Source data:
::::::

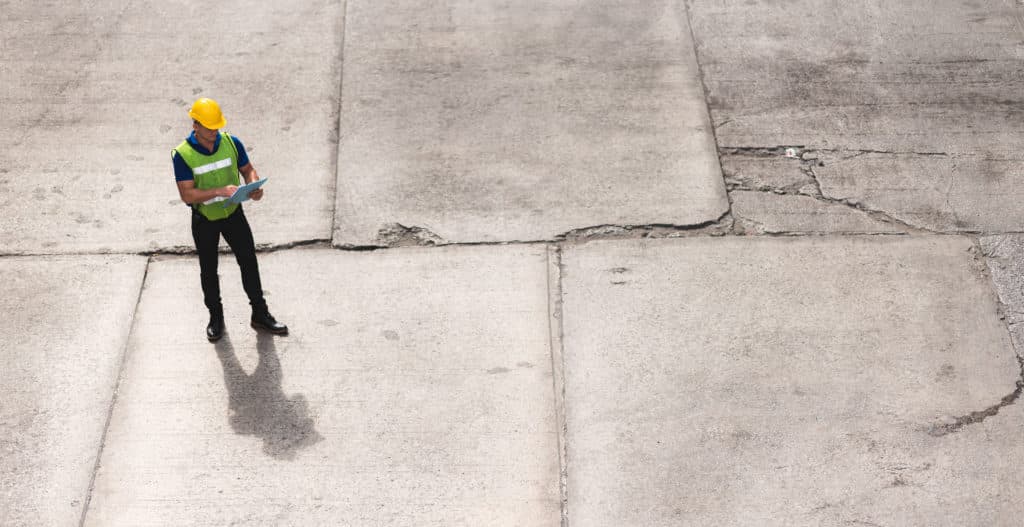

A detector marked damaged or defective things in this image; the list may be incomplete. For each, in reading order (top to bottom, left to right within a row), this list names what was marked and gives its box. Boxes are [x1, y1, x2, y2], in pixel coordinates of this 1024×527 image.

cracked concrete slab [0, 0, 344, 256]
cracked concrete slab [336, 0, 728, 246]
cracked concrete slab [684, 0, 1024, 232]
cracked concrete slab [0, 255, 148, 524]
cracked concrete slab [84, 249, 560, 527]
cracked concrete slab [560, 237, 1024, 524]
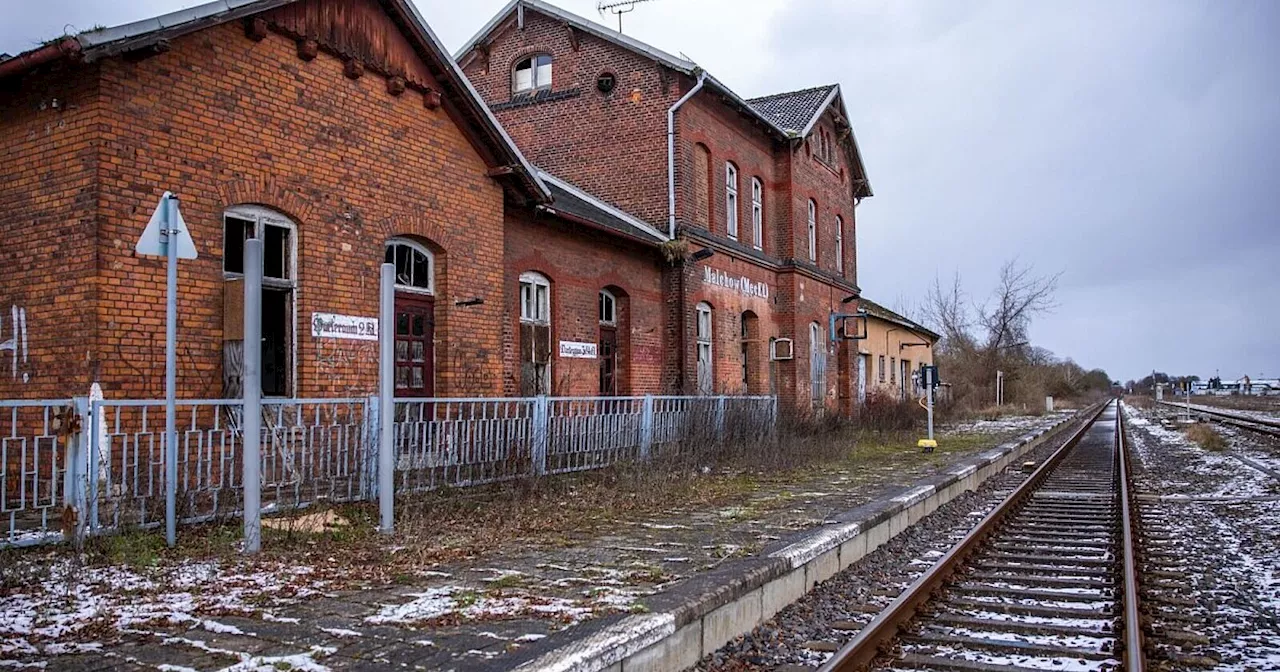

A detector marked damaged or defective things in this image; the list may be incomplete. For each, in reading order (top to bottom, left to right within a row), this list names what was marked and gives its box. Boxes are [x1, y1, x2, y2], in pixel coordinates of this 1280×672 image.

::::::

What is needed: Give back the data verbatim. The pictures are not part of the copy.

Answer to this exercise:
A detector marked damaged or defective things in this image; the list may be incomplete. For each, in reading order (top to bottom, left to right within a row), this list names what was marked and gives its box. Boxes are [x1, y1, x2, y2], in pixel coordinates of this 1024×527 image.

cracked concrete slab [0, 0, 344, 256]
cracked concrete slab [336, 0, 728, 246]
cracked concrete slab [684, 0, 1024, 232]
cracked concrete slab [0, 255, 148, 524]
cracked concrete slab [84, 249, 560, 527]
cracked concrete slab [560, 237, 1024, 524]

A detector marked damaged or defective things in this image; the list may be incomplete. For each, in reading order (top to bottom, left to right within a row), this list names what was marked and gives its box. Boxes are [x1, y1, x2, y2], in pixel coordinates of this 1280×672 image.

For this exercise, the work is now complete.